# The input
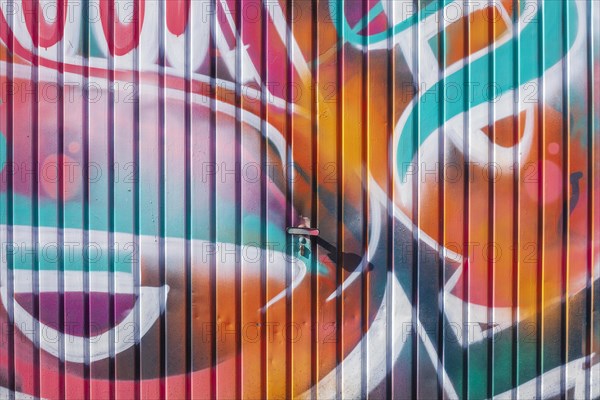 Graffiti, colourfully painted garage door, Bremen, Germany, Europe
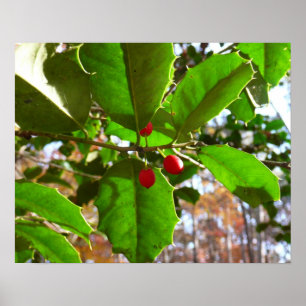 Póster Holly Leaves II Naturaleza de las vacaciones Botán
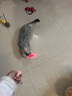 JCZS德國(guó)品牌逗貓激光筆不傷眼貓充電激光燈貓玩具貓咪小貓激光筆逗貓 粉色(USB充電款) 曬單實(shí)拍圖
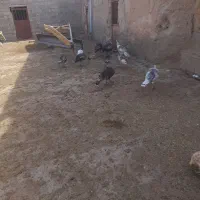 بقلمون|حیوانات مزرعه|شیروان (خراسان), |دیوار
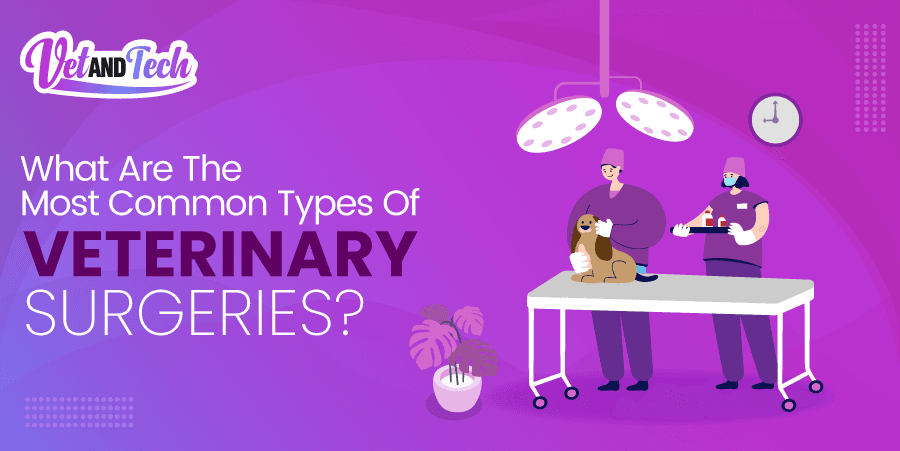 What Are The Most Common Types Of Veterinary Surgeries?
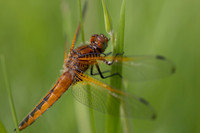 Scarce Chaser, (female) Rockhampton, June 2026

==

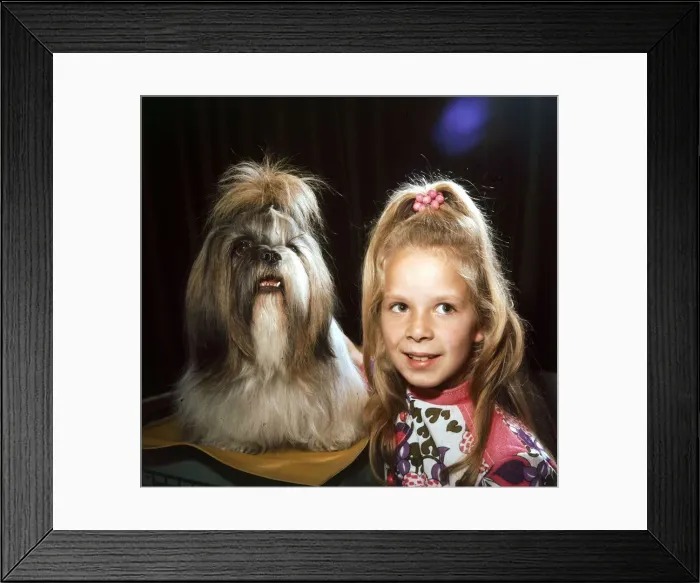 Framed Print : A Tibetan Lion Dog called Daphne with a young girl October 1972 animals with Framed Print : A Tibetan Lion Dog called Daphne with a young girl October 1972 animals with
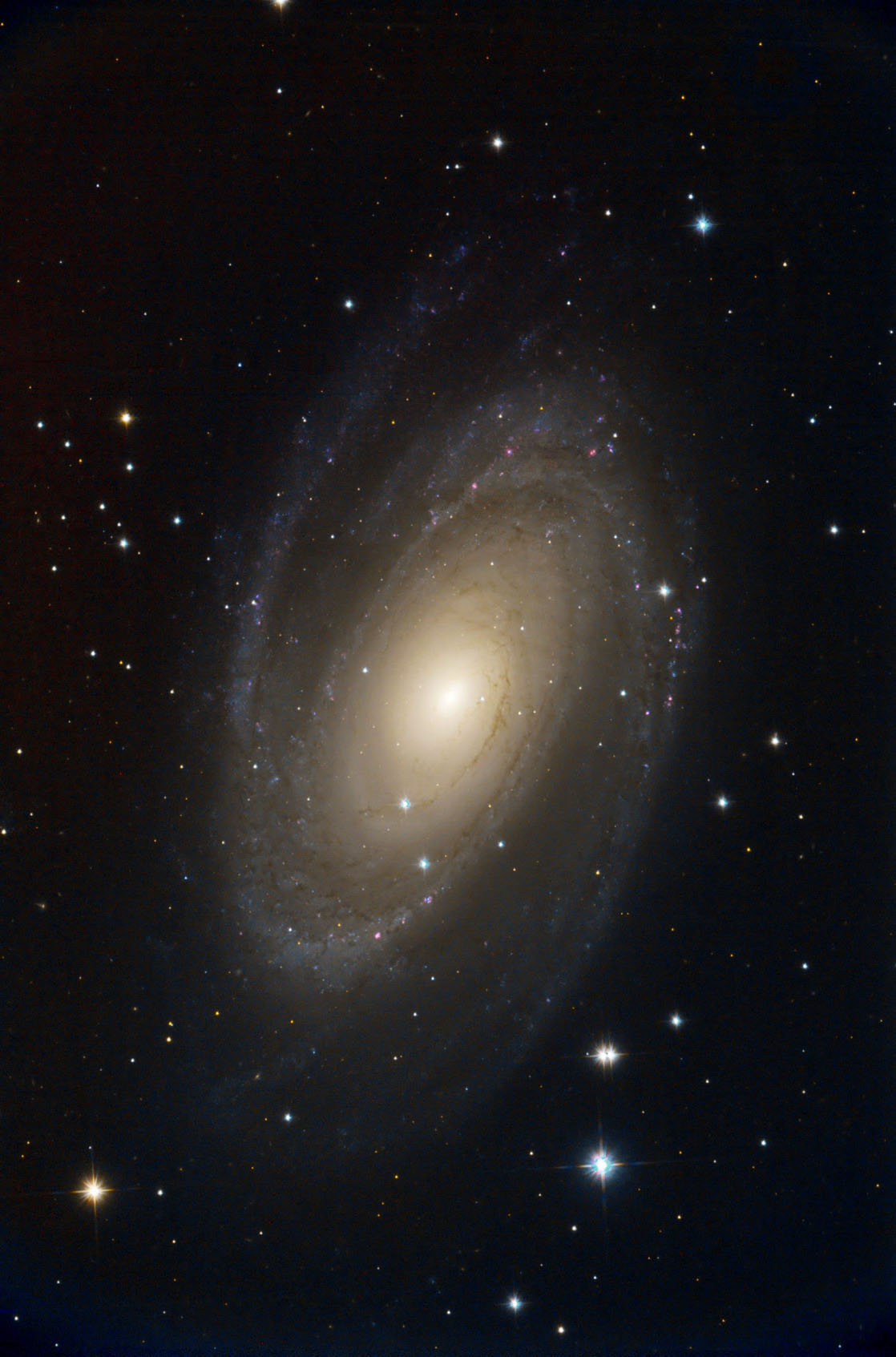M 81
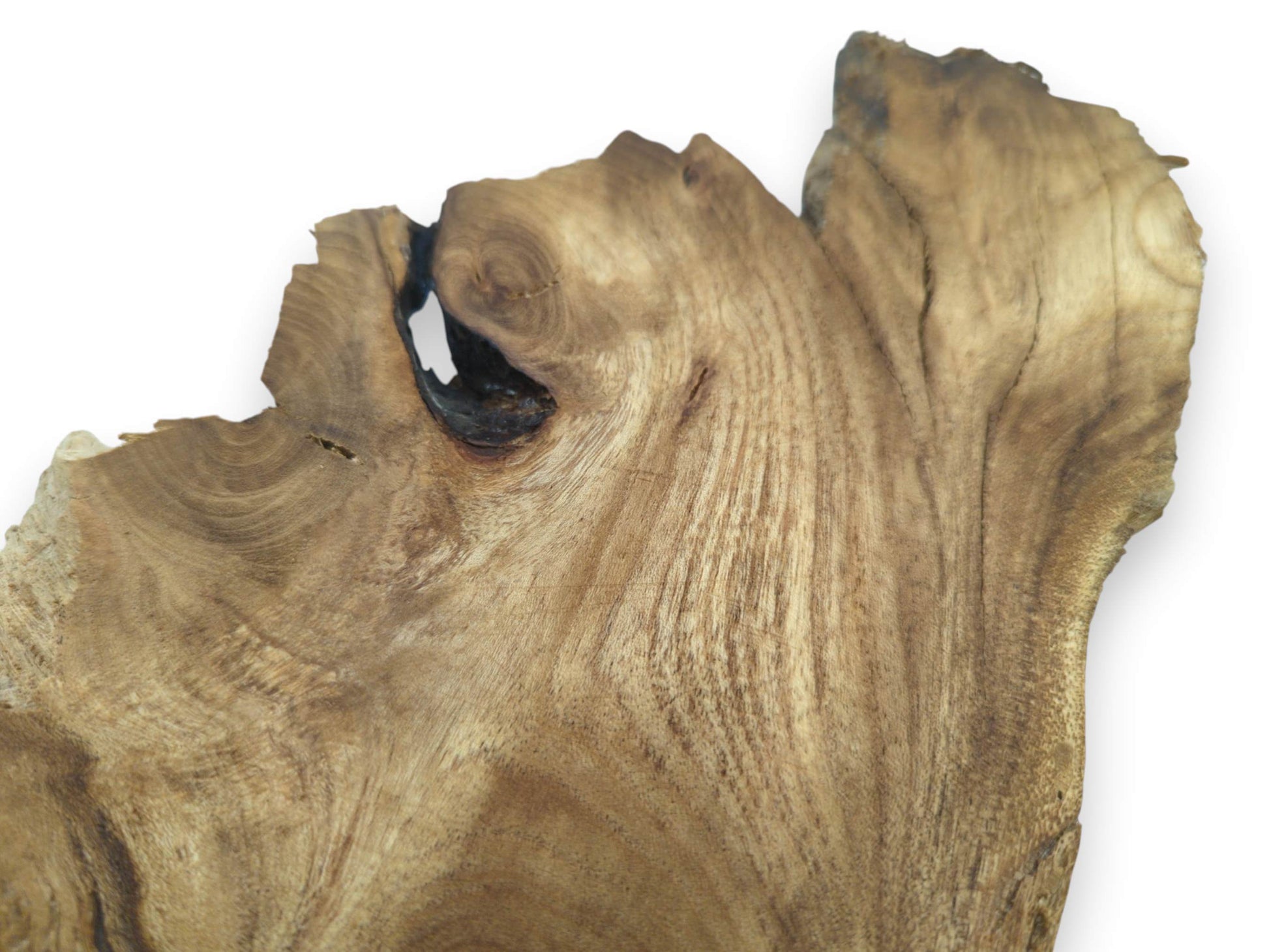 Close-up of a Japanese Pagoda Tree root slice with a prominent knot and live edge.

...

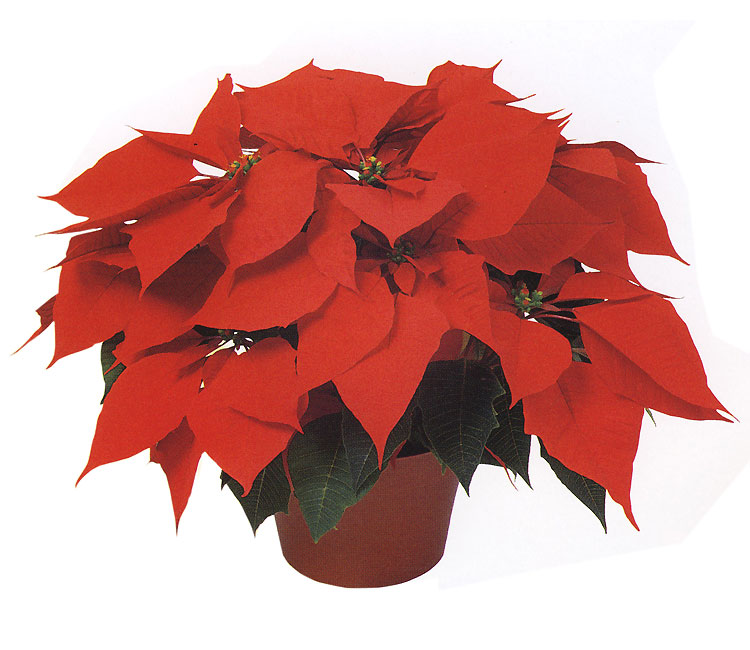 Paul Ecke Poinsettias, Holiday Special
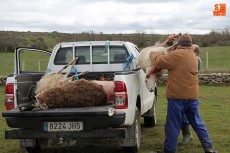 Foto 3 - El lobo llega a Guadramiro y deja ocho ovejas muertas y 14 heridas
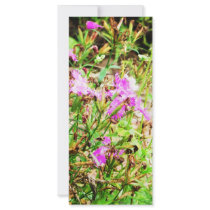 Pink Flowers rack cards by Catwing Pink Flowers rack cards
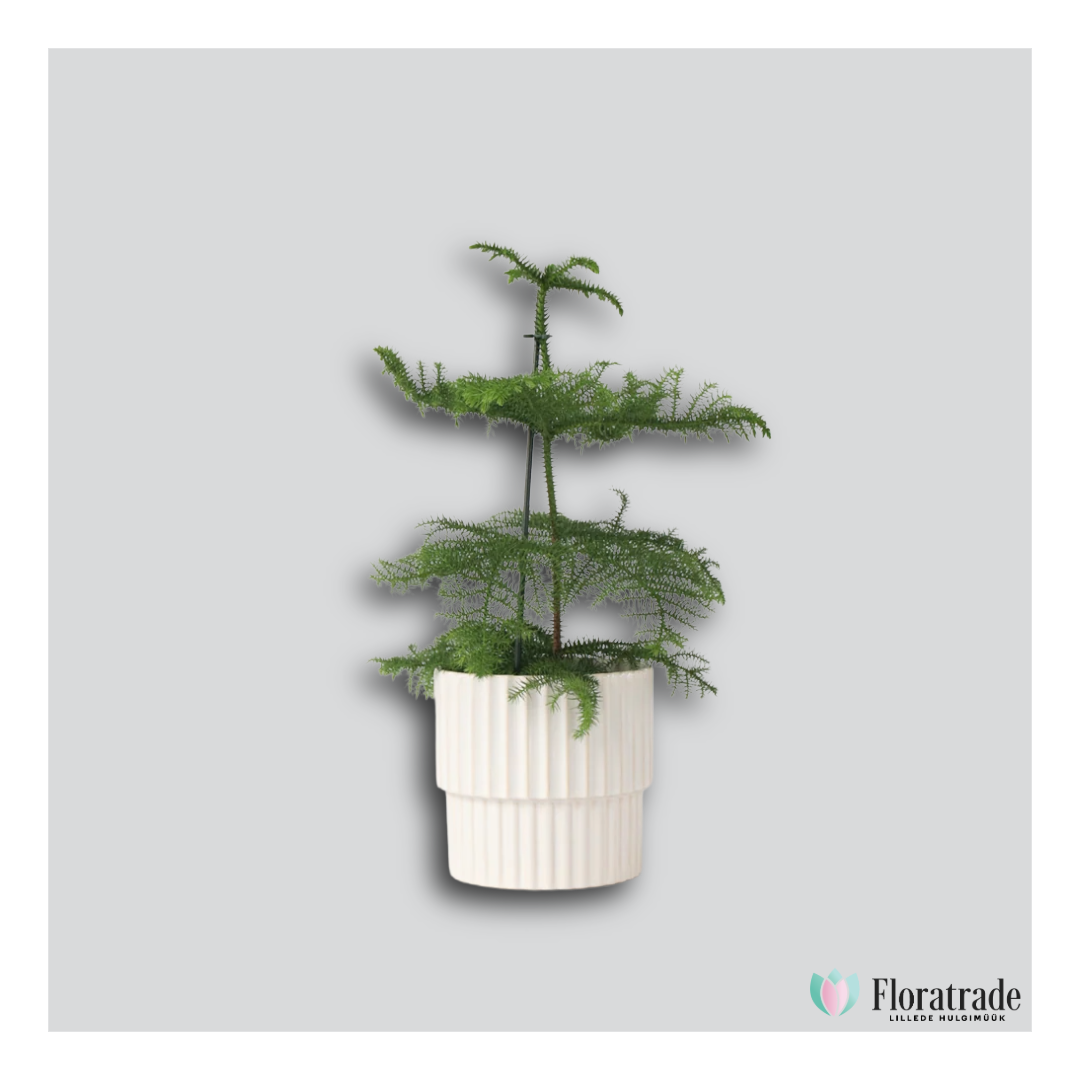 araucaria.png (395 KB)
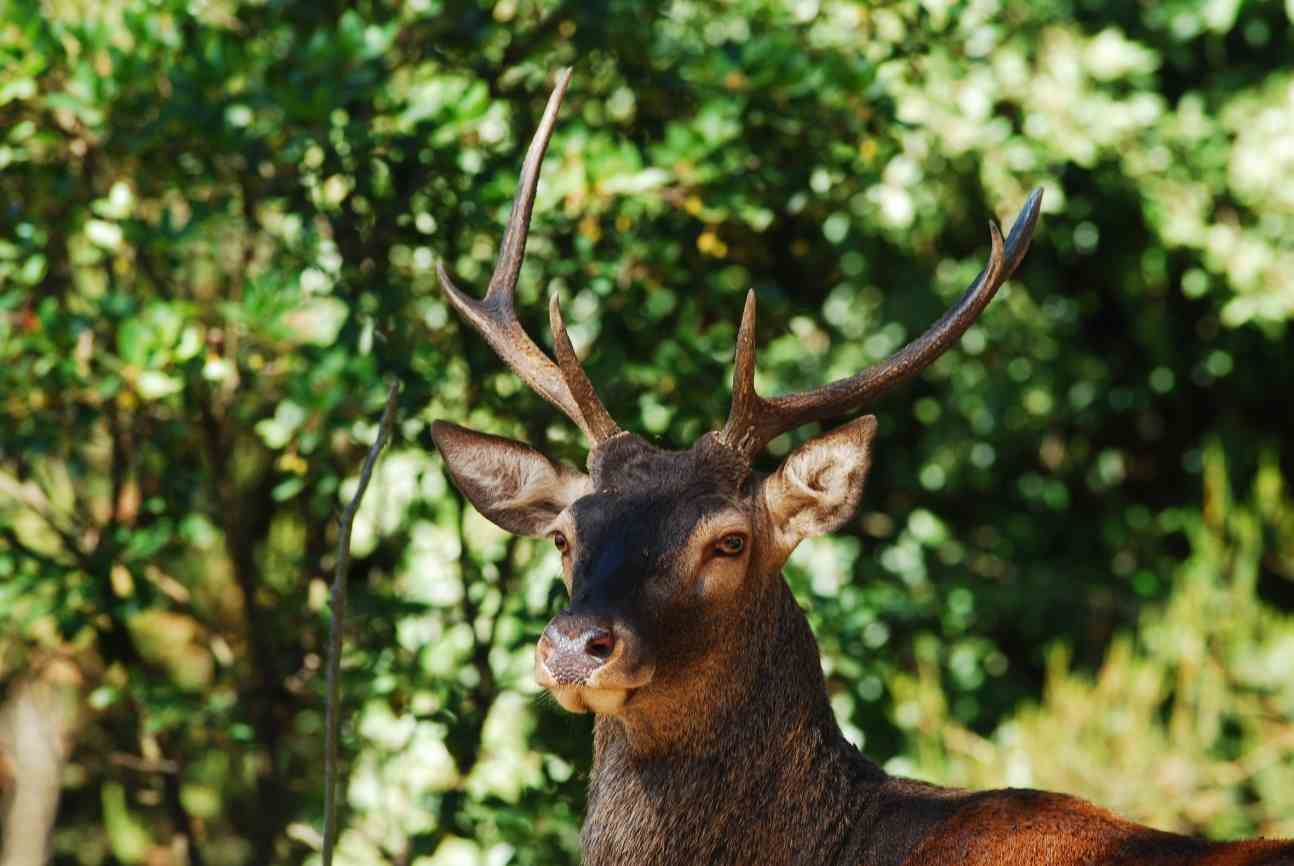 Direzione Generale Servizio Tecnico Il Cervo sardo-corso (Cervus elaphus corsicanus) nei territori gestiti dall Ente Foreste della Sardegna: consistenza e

# Your instructions
Above are some records. Reproduce the lines from the one with "araucaria.png (395 KB)" down to the one with "Direzione Generale Servizio", keeping both, and leave every picture out.

# Exercise output
 araucaria.png (395 KB)
 Direzione Generale Servizio Tecnico Il Cervo sardo-corso (Cervus elaphus corsicanus) nei territori gestiti dall Ente Foreste della Sardegna: consistenza e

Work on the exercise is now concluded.